In July, Left Socialist-Revolutionaries assassinated Count Wilhelm von Mirbach, the German ambassador, in Petrograd, plunging the Soviet government into a major diplomatic crisis. Soon, Adolf Joffe, the Russian ambassador in Berlin, was also expelled. A beleaguered government then set up the Cheka, the ‘secret police’ authorised to combat counter-revolution and sabotage. As often happens with an internal security apparatus, the Cheka’s remit began getting wider, its powers more formidable. Every act of counter-revolutionary violence induced violent reprisals from the Cheka. Red Terror now confronted White Terror.
There were rumblings within Lenin’s party as well. Many senior leaders, including Nikolai Bukharin and Felix Dzerzhinsky, resigned from the central committee protesting against the Brest Litovsk ‘capitulation’. There were serious disagreements over economic planning, particularly agrarian policy and modes of capital accumulation. The Revolution was coping with it all – but only just.
Then on August 30, tragedy struck. Mossei Uritsky, a brilliant young member of the central committee, died to a right-wing assassin’s bullet in Petrograd. The same afternoon, Fanny Kaplan, a Socialist-Revolutionary, made an attempt on Lenin’s life as he was walking out, unattended, of a Moscow factory workers’ meeting. She shot at Lenin thrice, one of the bullets catching him on his neck, injuring him seriously. This was the second murder attempt on Lenin’s life. The security threat to the Revolution had been brought home with stunning immediacy.
The Bolsheviks now felt hemmed in from all sides. On top of it all, the prospects of an European revolution (on which they had pinned their fervent hopes) had never looked so bleak. Lenin, an ardent champion of the democratically-elected constituent assembly, dissolved the same assembly in January when he found that the Right S-Rs were leveraging their majority in the assembly to subvert all governmental functioning. Democracy and a free press seemed to be unaffordable luxuries in the straitened circumstances and, before the Bolsheviks knew it, their Revolution had begun its descent into authoritarianism.
The sixth All-Russian Congress of Soviets met in an extraordinary session on November 6-9, 1918, to take on record the Revolution’s report card. Lenin delivered two important speeches here: one to mark the Revolution’s first anniversary, and the other to survey the international situation.
In the first, while recapitulating some of the Revolution’s stunning successes, he said:
…We have already realised that it was not on account of any merit of the Russian proletariat or that it was in advance of the others that we happened to begin the revolution….On the contrary, it was only because of the peculiar weakness and backwardness of capitalism, and the peculiar pressure of military strategic circumstances, that we happened … to move ahead of other detachments, while not waiting until they had caught us up. We are now making this review so as to take stock of our preparations for the battles that will face us in the coming revolution.
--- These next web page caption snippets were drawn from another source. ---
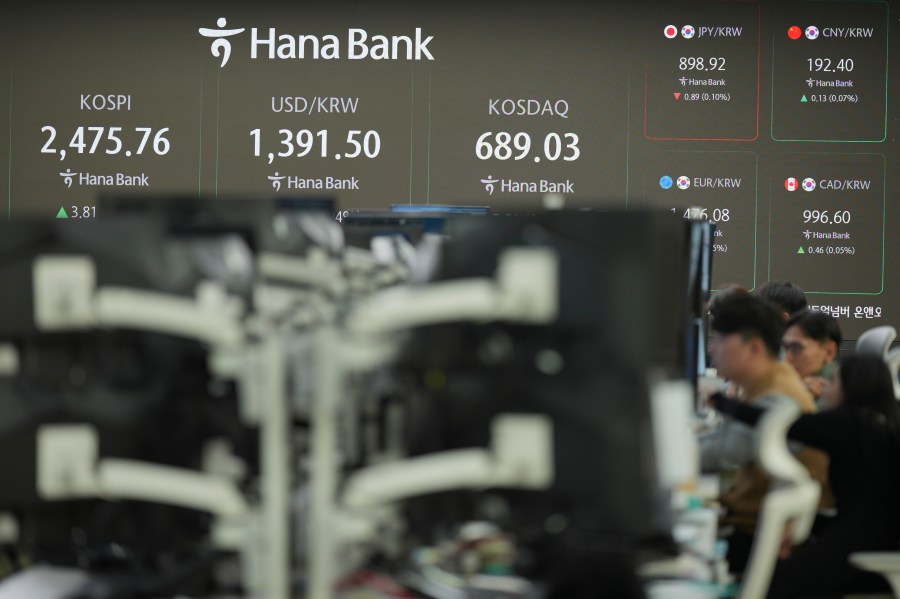 Currency traders watch their computer monitors near the screens showing the Korea Composite Stock Price Index (KOSPI), left, the foreign exchange rate between U.S. dollar and South Korean won, center, and the Korean Securities Dealers Automated Quotations (KOSDAQ), at a foreign exchange dealing room in Seoul, South Korea, Wednesday, Nov. 20, 2024. (AP Photo/Lee Jin-man)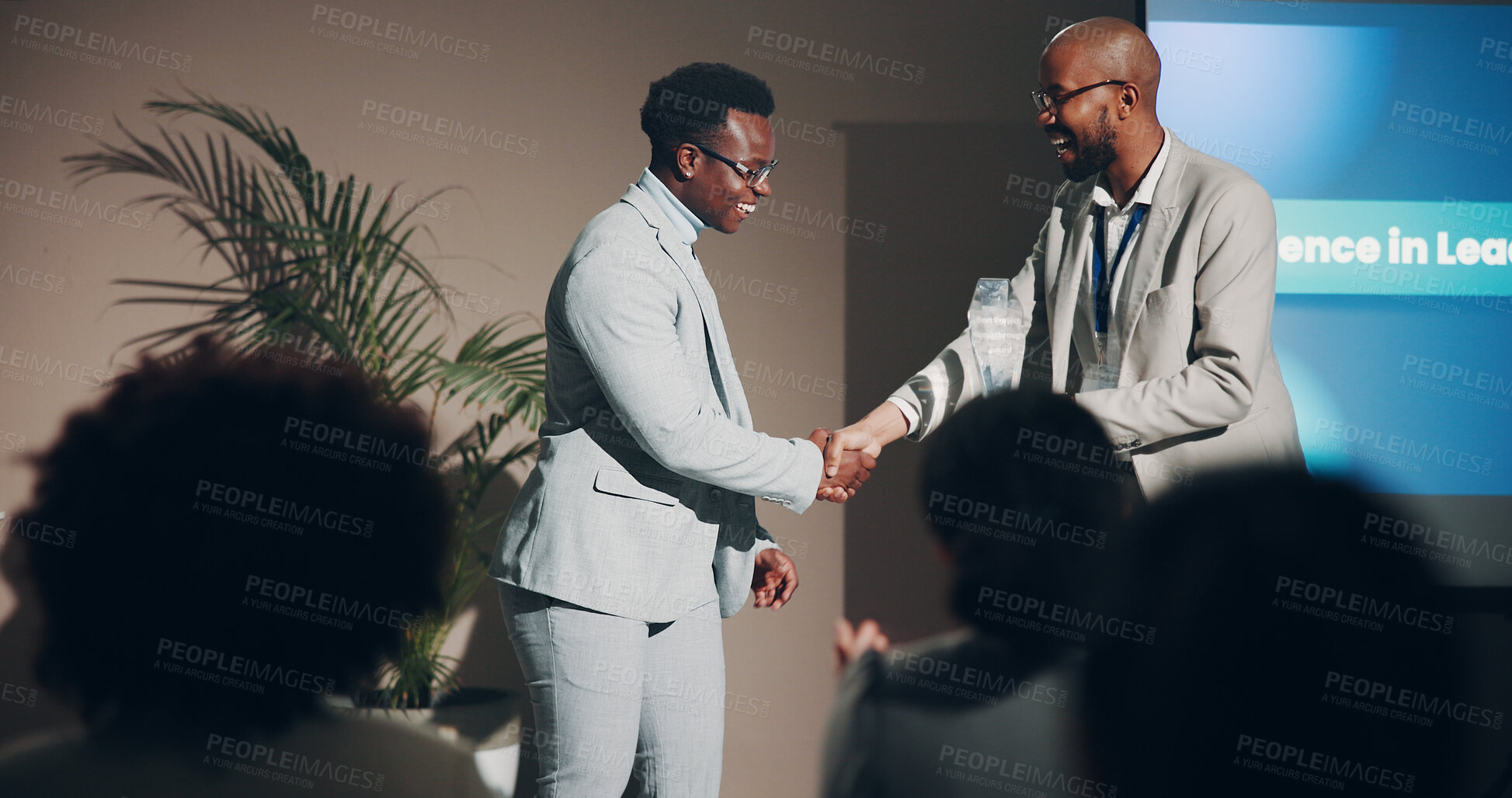 Buy stock photo Handshake, award and smile of men, seminar and congratulations for success, event or corporate. Thank you, professional and celebration of hard work, winning and holding hands for conference or prize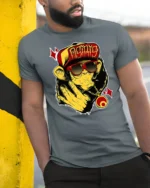 Urban Swag Monkey Graffiti Osiris Red Hat Graphic Tshirt - model wearing grey tee, leaning on column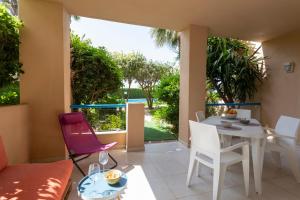 a living room with a table and chairs and a patio at Las Dunas, bajo, 2 dormitorios, 25m del mar, by Bookindenia in Denia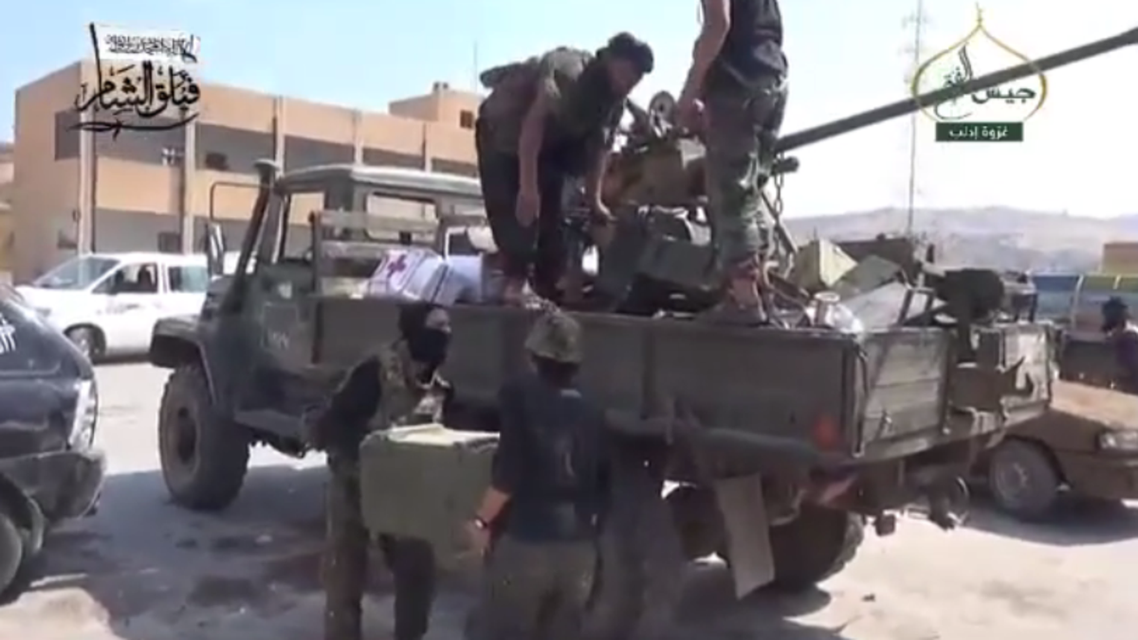 Syrian rebels seen loading supplies onto a truck in the northwestern Hama province (Video grab)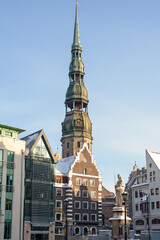 Fototapeta na wymiar Spire of St. Peter's Church in the center of Old Riga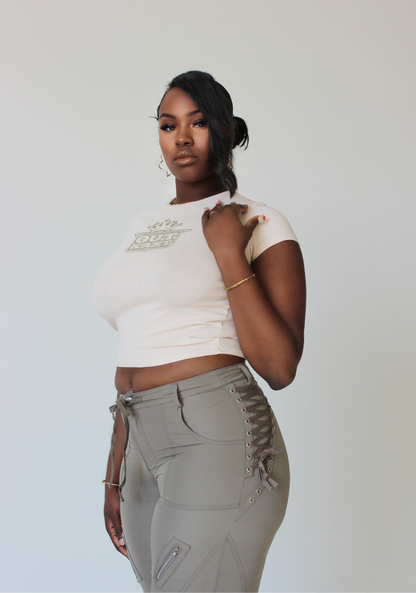 side profile of tall model in utility-style cargo pants with zipper details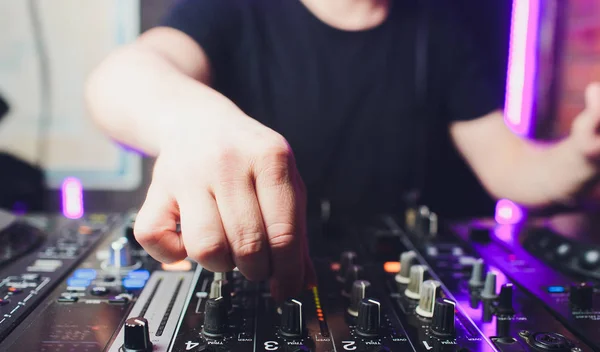 Närbild av händerna på manliga discjockey blanda musik på hans däck med händerna redo över vinylskivan på skivspelare och kontroll brytare på natten. — Stockfoto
The second speech was a stark reminder of the important cross-roads that at the moment Russia stood at:
…(I)f we have never previously been so close to world revolution, then it is also true that we have never been in such a dangerous situation as we are now.
As always, his astringent realism guided the Revolution’s tallest leader to a clear choice: either save October, or allow it to perish with the knowledge that there would not be another October in the foreseeable future. Lenin knew that the Bolsheviks had to soldier on. The greatest realist among revolutionaries knew that it was impossible to be a revolutionary without also being a dreamer. The dream of world revolution had not forsaken Lenin and his comrades yet.